The opt-in part was interesting as they monitor the number of users who opt-in to a feature only to later opt-out. Possibly a leading indicator of a “bad” feature.

He also mentioned that they also tend to “dark launch” features, especially if they’ve got an event coming up where it’ll be announced to a fanfare. Apparently at one such event they turned on feature as the live demo was starting only to uncover a cascading failure which hadn’t previously presented itself. Queue red faces all round. Now they dark launch.

When it comes to a full roll out they start with what he called a canary data centre which is only used by internal users, I guess you can afford such luxuries when you are running the platform.

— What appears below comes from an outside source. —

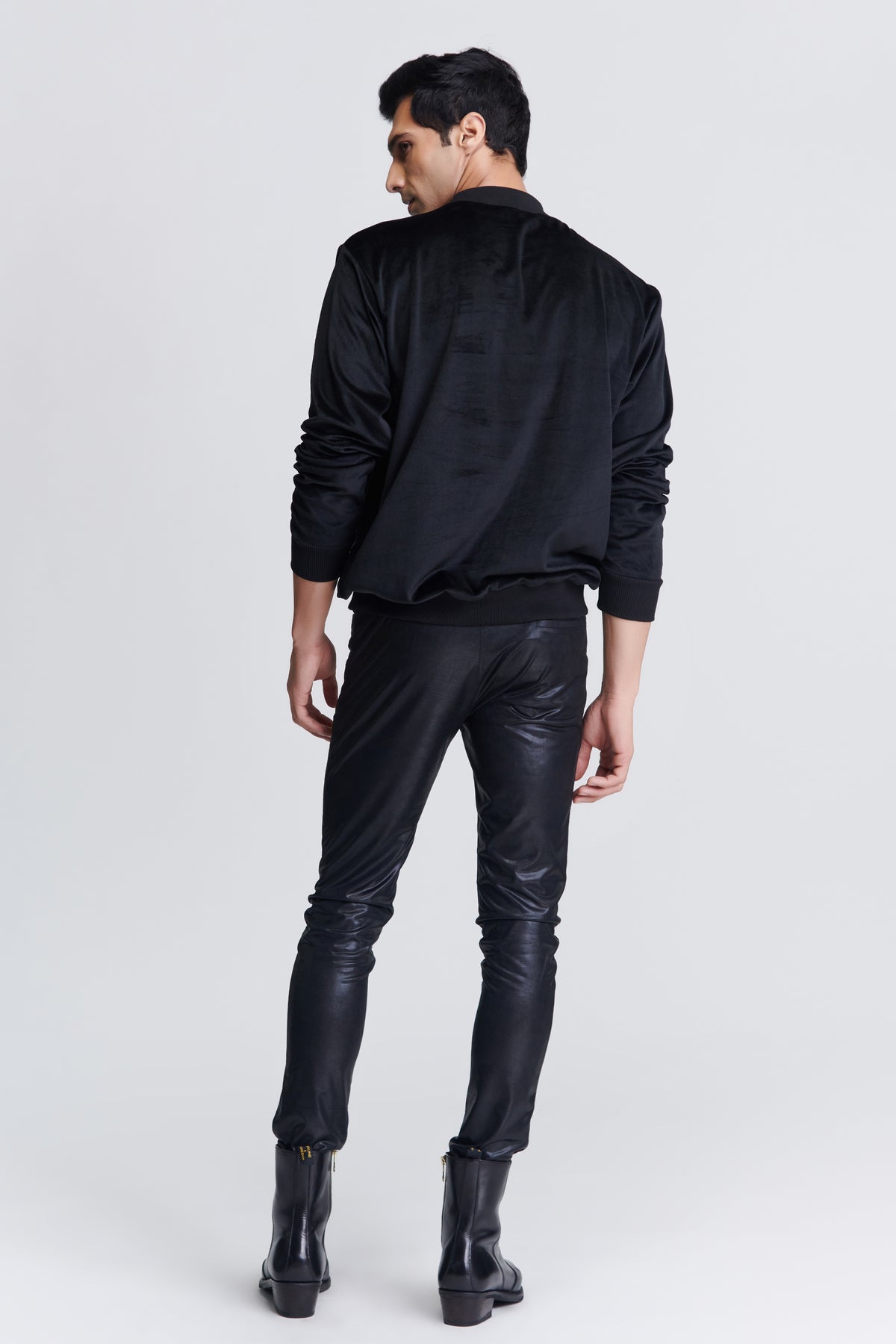 Black Crested Sweatshirt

From here they go to the smallest external data centre, then the largest to get the extremes of traffic. Penultimately they go to the highest latency data centre before releasing everywhere.

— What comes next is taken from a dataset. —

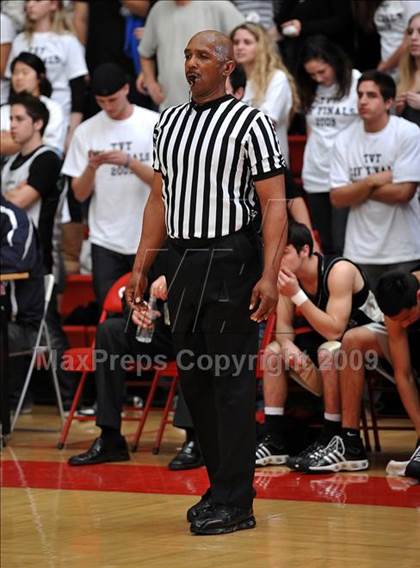 Thumbnail 1 in Desert Christian vs. Tarbut V'torah (CIF SS D6-AA Final) photogallery.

Live Site Culture / Production First Mindset / Security Mindset

If you’ve been involved in a production incident you might recognise some of these themes.

Every alert that a system generates must be actionable and represent a real issue.

When there is a an incident a “bridge” call is created with the people that are required. For each service they have a DRI “Directly Responsibly Individual” who will be brought into the call (these people are on a rotation like our 24/7 rotas).

After an incident they do a root cause analysis and run transparent postmortems, much in the same way we do. Anything that comes out of a postmortem has a two sprint deadline to be fixed, which is usually up to 6 weeks away.

In postmortems if bad alerts were raised or the the wrong DRI was paged it is considered just as serious as the problem itself – anything that increases the time to resolution is bad.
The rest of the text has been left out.